SDCC Week: Fandom Would be Nothing Without Cons

SDCC Week: Fandom Would be Nothing Without Cons

Where two or more of you are gathered together... that’s a convention.

Limited Run Games returns to San Diego Comic-Con next week, which is a pretty big deal! It’s our chance to connect with you, and that means a lot.

From the outside, SDCC and other events like it might appear to be nothing more than a succession of big announcements and marketing beats from major entertainment publishers, but that’s not really true. Sure, SDCC generates a few dozen interesting press releases and news beats, but those numbers pale in comparison to the tens of thousands of people who gather at the show to just hang out, shop for cool things, and experience the joy of fandom in person at a scale you don’t see on a day-to-day basis.

But the business stuff really amounts to a corollary to the real heart of a convention: the gathering of fans. The news drops and exclusive chase variants wouldn’t happen if so many people didn’t come together to revel in their fandom in the first place—a tradition stretching back nearly a century and a half. The earliest event that resembled a modern science fiction convention supposedly happened in London as far back as 1891, when The Royal Albert Hall hosted a fan event based on an early sci-fi novel.

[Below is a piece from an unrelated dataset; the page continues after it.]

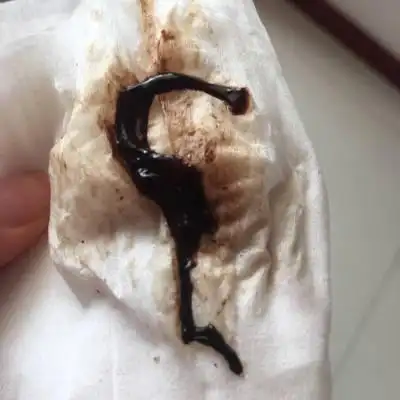 孕四十几天上周就有褐色分泌物,昨天情绪激动了点今早发现有黑色的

As science fiction and comic books took form in American and European culture in the early 20th century, like-minded fans frequently gathered together to hang out with people who shared a common passion for all that weird stuff. By all accounts, these meet-ups looked an awful lot like modern cons, with people wearing costumes, selling merchandise, hosting presentations and performances, and generally just having a great time together. The modern convention really took form in the 1960s and ’70s, though, as niche fandoms gained a massive boost from the advent of television. Sci-fi and fantasy fans in the mid-20th century found themselves in an unprecedented cultural niche: the shows, comics, and films they loved reached a mass market audience, but the number of people who wholeheartedly embraced those works were still pretty small. So they reached out and connected with one another to enthuse about the nerdy stuff that their straight-laced peers didn’t care about.

Without conventions, we’d never have made it to The Next Generation.

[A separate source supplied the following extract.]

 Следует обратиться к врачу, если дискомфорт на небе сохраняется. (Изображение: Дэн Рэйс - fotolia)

It was the cancellation of Star Trek in the late ’60s that really got the con circuit ball rolling. Around the same time that Trek found itself reduced to rerun-only status, Stanley Kubrick made science fiction cool with his elegant big-screen adaptation of Arthur C. Clarke’s novel 2001. Oh, also, actual humans landed on the moon for the first time, computers began to creep into daily life, rock musicians scored massive hits about outer space, and the world’s first commercial video game (which was about starship combat) arrived.

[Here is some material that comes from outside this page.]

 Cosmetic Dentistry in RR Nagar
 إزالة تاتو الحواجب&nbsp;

Pop culture had wholly embraced science fiction and its glorious visions of the future... except CBS, who killed the world’s most beloved sci-fi program right as mainstream audiences got really excited about outer space. Rather than seethe about it, Star Trek fans began organizing their own get-togethers and events, where they conducted costume contests, exchanged zines and fanfic, and obsessed over details and continuity elements that the show’s writers and producers had never really even considered. Those writers and producers quickly became a part of the convention circuit: within a few years, luminaries like show creator Gene Roddenberry and script writer D.C. Fontana began taking part in these events, which tipped the meet-ups over the precipice from “fan meetup” to “professional industry event.” Trek conventions helped maintain the series’ fandom throughout the 1970s, which in turn motivated CBS and Paramount to explore possible ways to bring back the show and ultimately resulted in 1979’s Star Trek: The Motion Picture, an ambitious mess of a movie that nevertheless established Trek as a permanent fixture of pop culture.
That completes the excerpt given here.